How did thinking matter arise in the process of evolution of inanimate, non-sentient nature?

What is the mechanism for transforming material, biological stimulation in the central nervous system of living organisms into an ideal reflection, into an act of consciousness?

What is ideal, what is its nature? And others.

These questions are directly related to the general philosophical and scientific problem of the origin of man, the solution of which is offered by the concept of anthroposociogenesis. Within the framework of this hypothesis, several ideas are formulated, in particular the concept of reflection and the concept of the evolutionary-labor nature of human origin.

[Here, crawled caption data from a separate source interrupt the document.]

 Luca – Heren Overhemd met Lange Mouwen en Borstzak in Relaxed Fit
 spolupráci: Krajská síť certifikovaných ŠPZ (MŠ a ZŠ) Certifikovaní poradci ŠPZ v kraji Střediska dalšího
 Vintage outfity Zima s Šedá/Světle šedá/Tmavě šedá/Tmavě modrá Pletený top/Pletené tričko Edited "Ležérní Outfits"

According to the concept of reflection, consciousness is a property of highly organized matter – the human brain. Of the material structures known to modern science, it is the brain that has the most complex substrate organization. About 11 billion nerve cells form a very complex systemic whole in which electrochemical, physiological, biophysical, biochemical, bioelectrical and other material processes occur. Having emerged as a result of the long evolution of living things, the human brain, as it were, crowns biological evolution, closing on itself the entire information and energy system of the entire organism, controlling and regulating its life activity. As a result of the historical evolution of living things, the brain acts as a genetic continuation of simpler forms and ways of connecting living things with the outside, including the inorganic, world. But how and why does matter, consisting of the same atoms and elementary particles, begin to realize its existence, evaluate itself, and think? It is logical to assume that in the foundation of the very knowledge of matter there is an ability similar to sensation, but not identical to it, that “all matter has a property essentially related to sensation, the property of reflection.” This assumption was made by D. Diderot back in the 18th century.

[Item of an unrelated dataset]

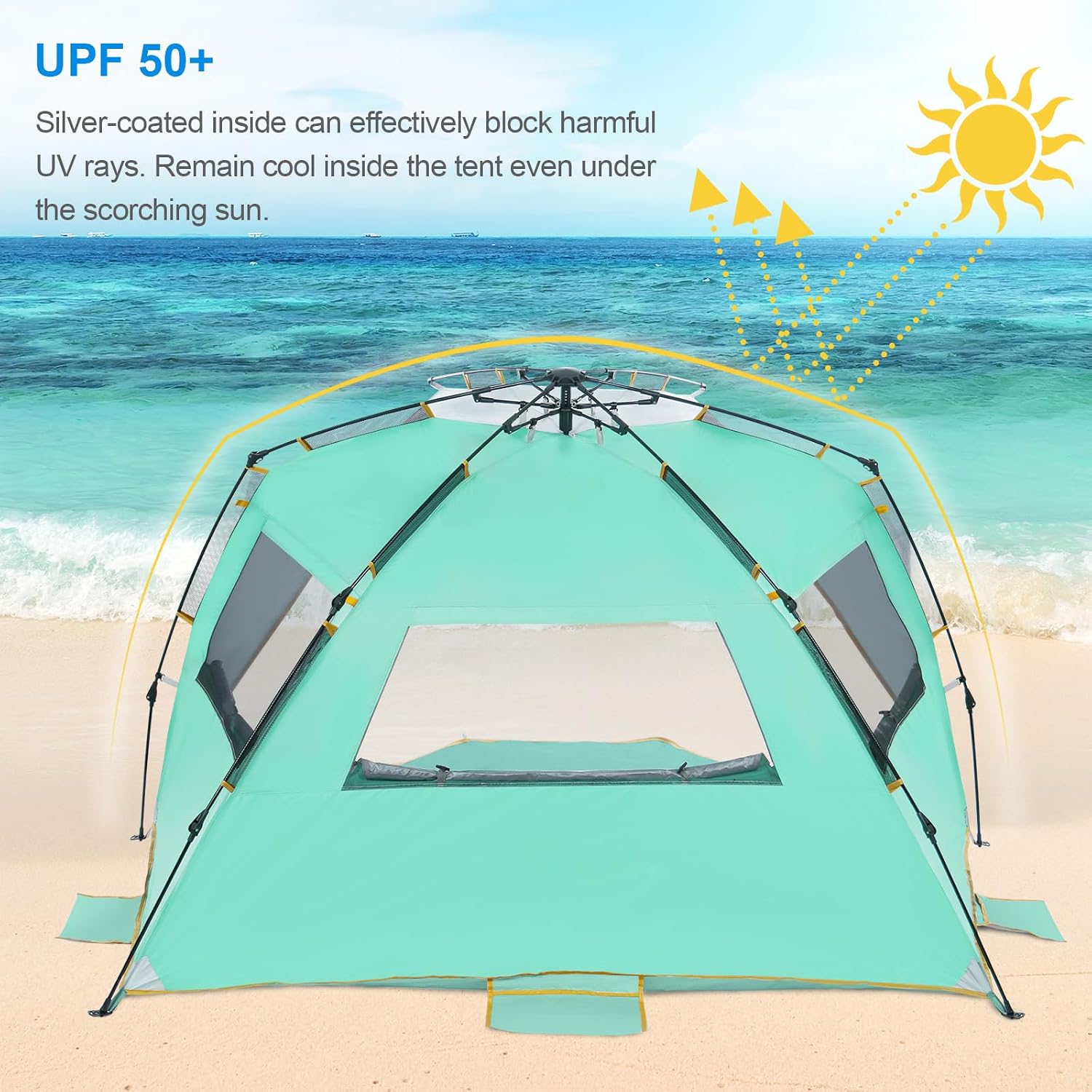 Detalle 2 de Wolfwise Instant Beach Tent Sun Shelter with Zippered Extendable Porch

Matter at all levels of its organization has the property of reflection, which develops in the process of its evolution, becoming more and more complex and multi-quality. The increasing complexity of reflection forms is associated with the developing ability of material systems for self-organization and self-development. The evolution of forms of reflection acted as a prehistory of consciousness, as a connecting link between inert matter and thinking matter. The supporters of hylozoism came closest to the idea of ​​reflection in the history of philosophy, but they endowed all matter with the ability to feel and think, while these forms of reflection are characteristic only of certain types of it, for living and socially organized forms of being.

Under reflection understands the process and result of interaction in which some material bodies, with their properties and structure, reproduce the properties and structure of other material bodies, while preserving a trace of the interaction.

Reflection as a result of the interaction of objects does not stop after the completion of this process, but continues to exist in the reflecting object as a trace, an imprint of the reflected phenomenon. This reflected diversity of structures and properties of interacting phenomena is called information, understood as the content of the reflection process.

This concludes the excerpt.